Jillian Fitzpatrick | Mud Bath
New Statue, Brunswick East, Naarm.

Mud Bath was my first solo exhibition, a friend of mine asked me to put it on in her shop, at the time I was only making grymoss to raise money for NATSILS for something to do to keep my hands busy during lockdown. I hadn’t done a single painting in years (art school trauma) and thought I never would again, I was committed to being a fiber artist. But after Tilly asked me to do the show, I felt inspired to show some paintings alongside my grymoss. I’d been living in North Warrandyte during lockdown and working in bush crew along waterways in the North Eastern suburbs and was back at uni studying Environmental Science, a breath of fresh air really. Living and working along the Yarra, I began learning about the eels that inhabit it.

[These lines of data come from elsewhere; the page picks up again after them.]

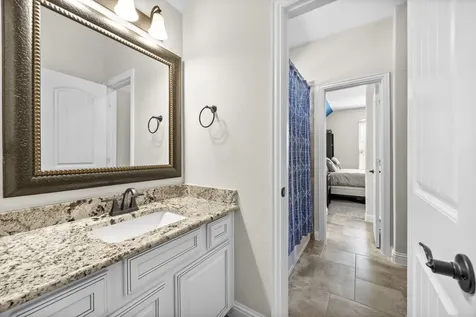 6318 Sunstone Falls Lane Katy TX 77493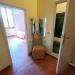 Appartamento in affitto a Empoli - 07, Foto 7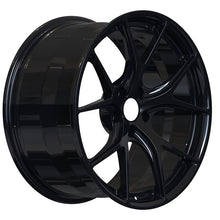 Forged Wheels (1 PC - 0558) - Hailed Inc.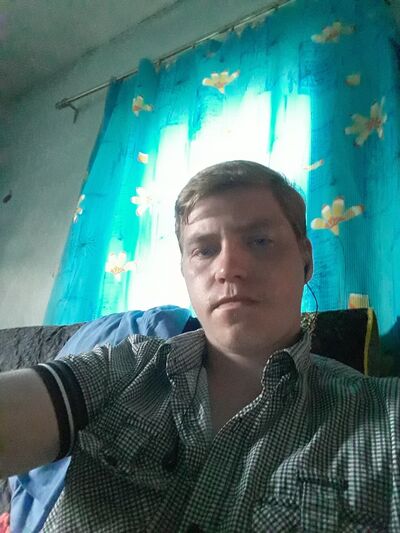   ,   Alexandr, 31 ,   ,   , c 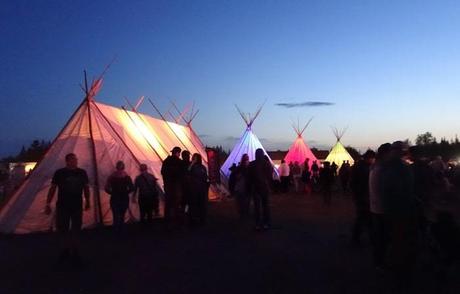 Quoi faire à Sept-Îles Quoi faire à Sept-Îles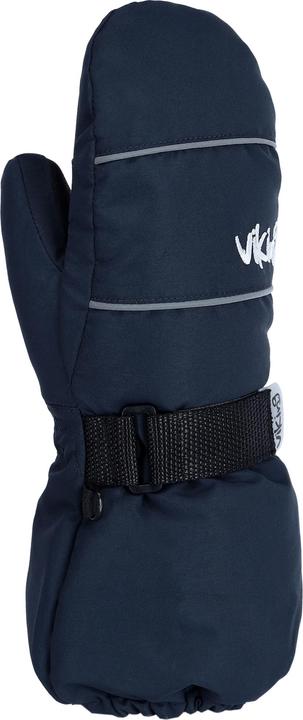 Produktbild Vikingsports Olli Pro Kinderhandschuhe (4)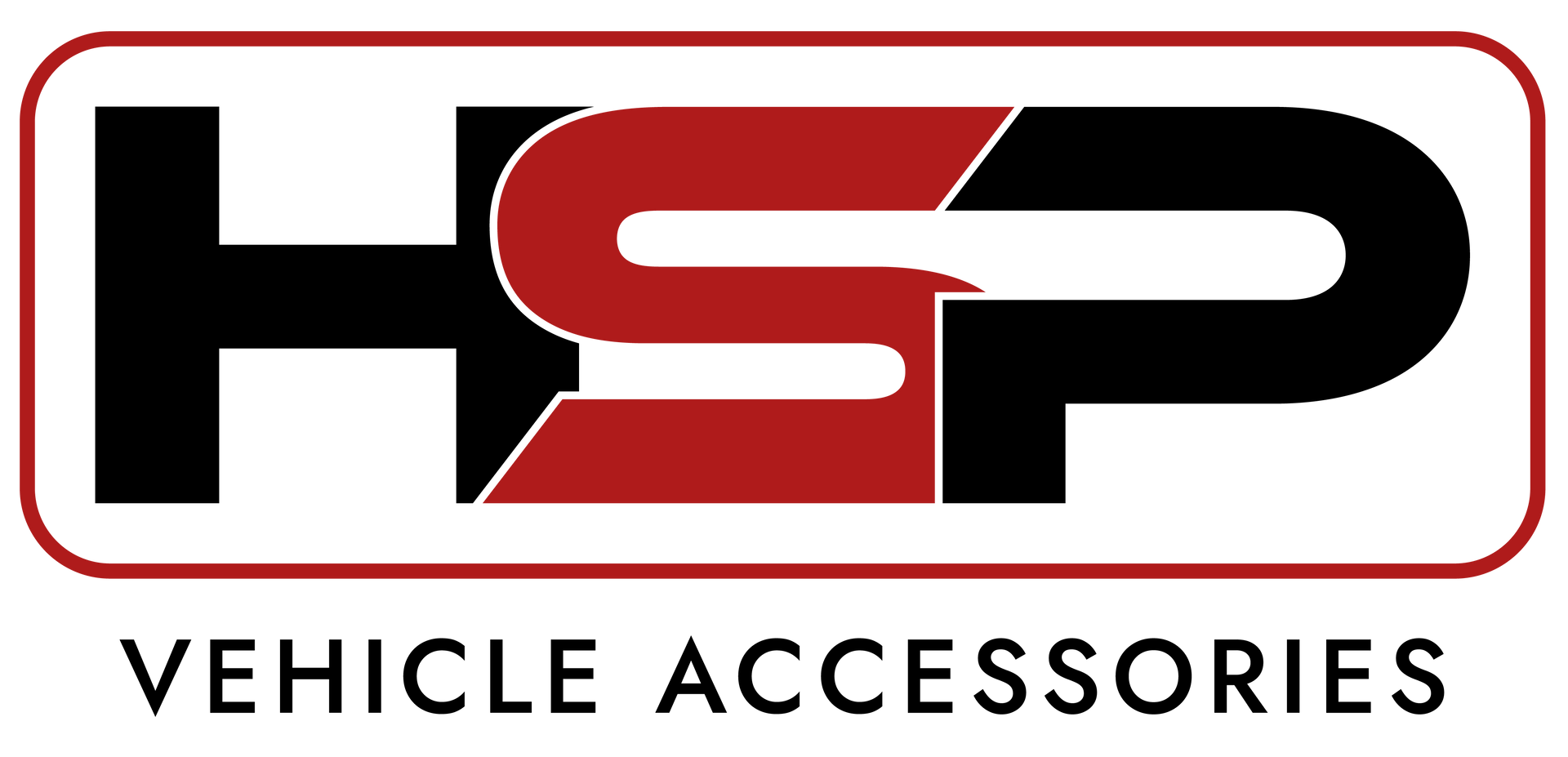 Engineer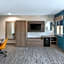 Holiday Inn Express San Diego South - National City By IHG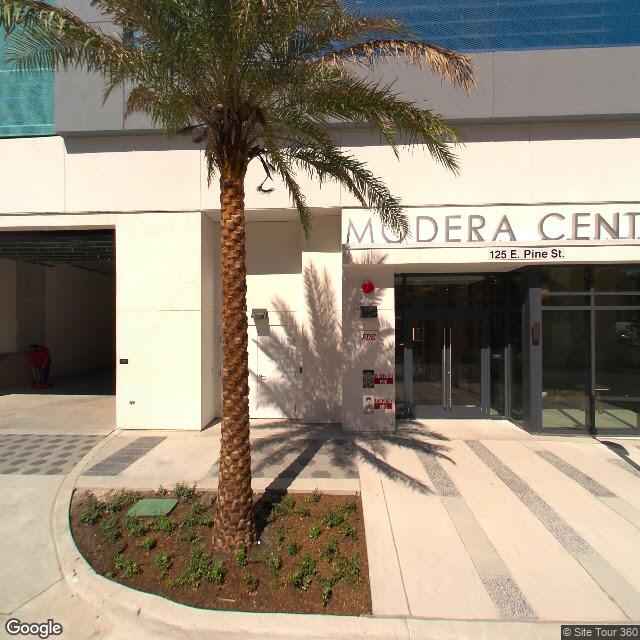 125 E Pine St,Orlando,FL,32801,US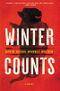 Winter Counts: A Novel Cover des Buches Winter Counts: A Novel (ISBN: 9780062968944)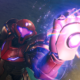 Metroid Prime 4: Beyond got its first big discount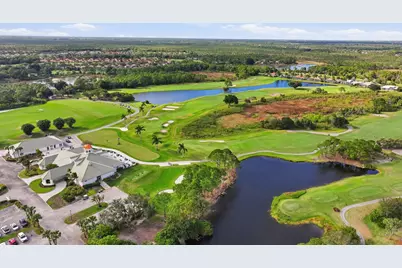 8017 SE Double Tree Drive, Hobe Sound, FL 33455 - Photo 45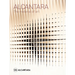 Alcantara: The Material of Art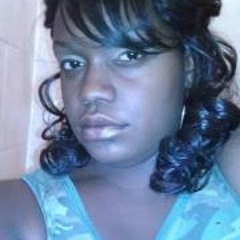 Samiah Takinovajetta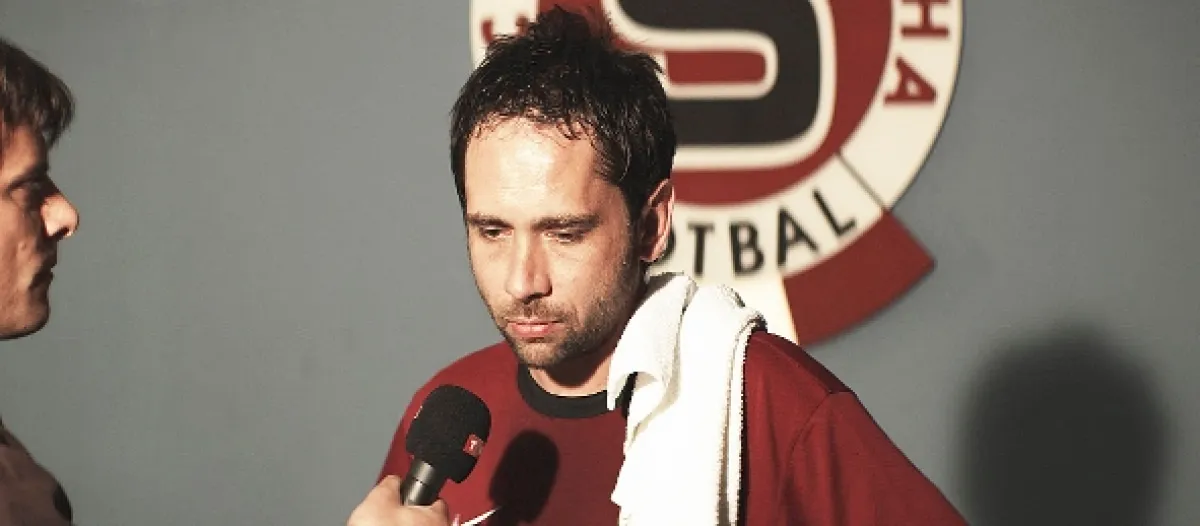 Román pro muže, 2009 - fotogaléria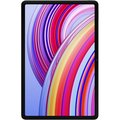 Obrázok pre výrobcu Redmi Pad Pro 5G /12,1"/2560x1600/ 6GB/128GB/An U/Mint Green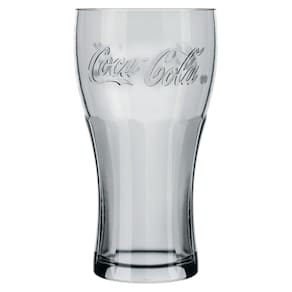 Copo Coca Cola Contour Nadir 470 ml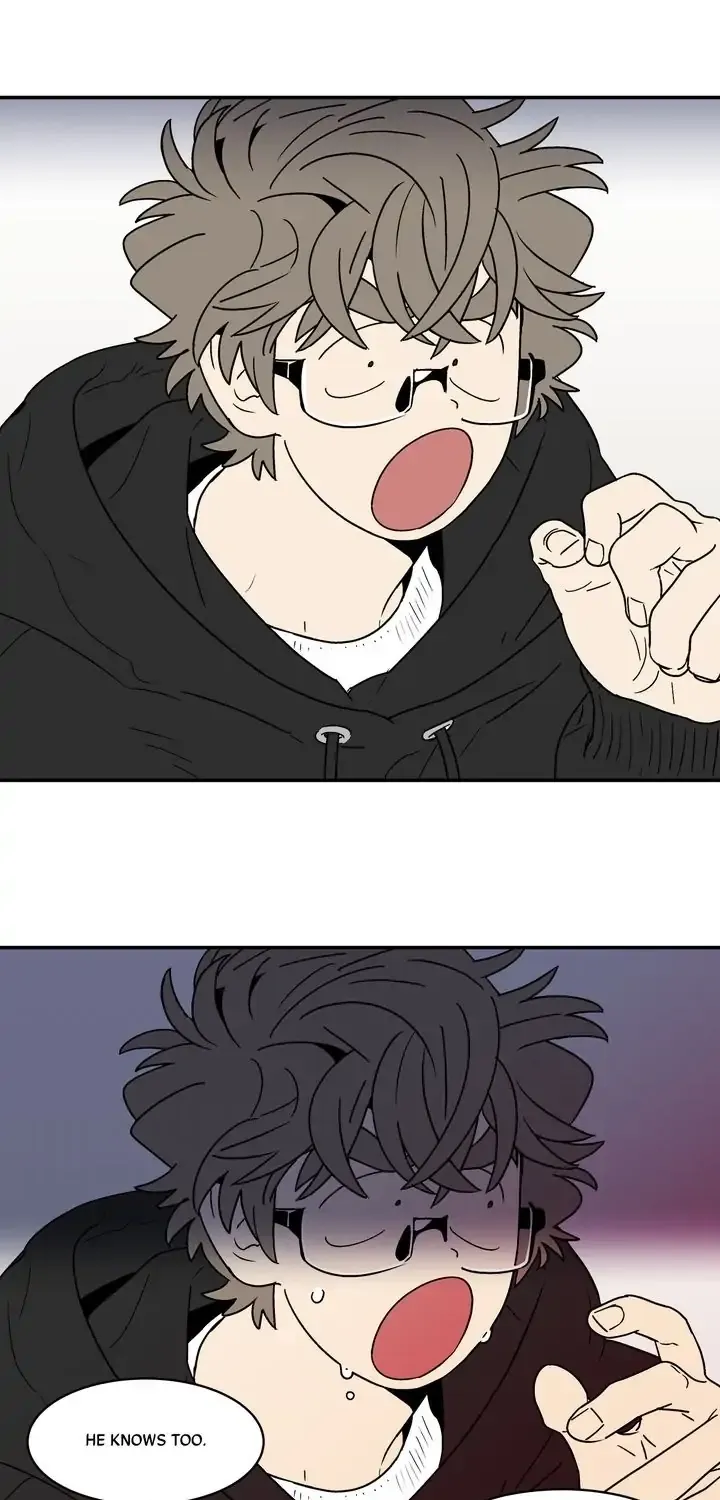 Read All About Lust: Where We Started chapter 60.15 image 14 on Lezhin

Growing up in Moe, I encountered eels relatively often, one time stepping on one in the gutter when I was trying to post a letter. I think that experience really turned me off eels and I was terrified of them brushing against my legs when going for a swim. But with all fears I find you just need to learn about the thing you’re afraid of and it goes away. I don’t know when it exactly happened, somewhere between the Wurudjeri luk (eel) traps and the eel pit at the secret swimming spot I became very fascinated and obsessed with these animals. I felt connected with them and I wanted to feel one brush against my leg when going for a swim, excited to feel something else there in the muddy Yarra water with me. I think I was quite lonely during lockdown and maybe resonated a little with the eels. The smell of mud and anoxic sediment gave me comfort and this world I was creating for myself in my 5 km radius of North Warrandyte with the eels, mud and my grymoss, sewing their little eyelids on until my hands were sore. Anyway, I decided to paint some eels, it only felt right, I didn’t know what else to paint about at that time. And a darter bathing, looking back it feels like a kind of renewal for me, a shift in the way I think about painting or approach painting. A literal and figurative mud bath, washing away the writhing feelings of grief, the loss of friends, change and the uncomfortable feelings of your early twenties everyone can relate to.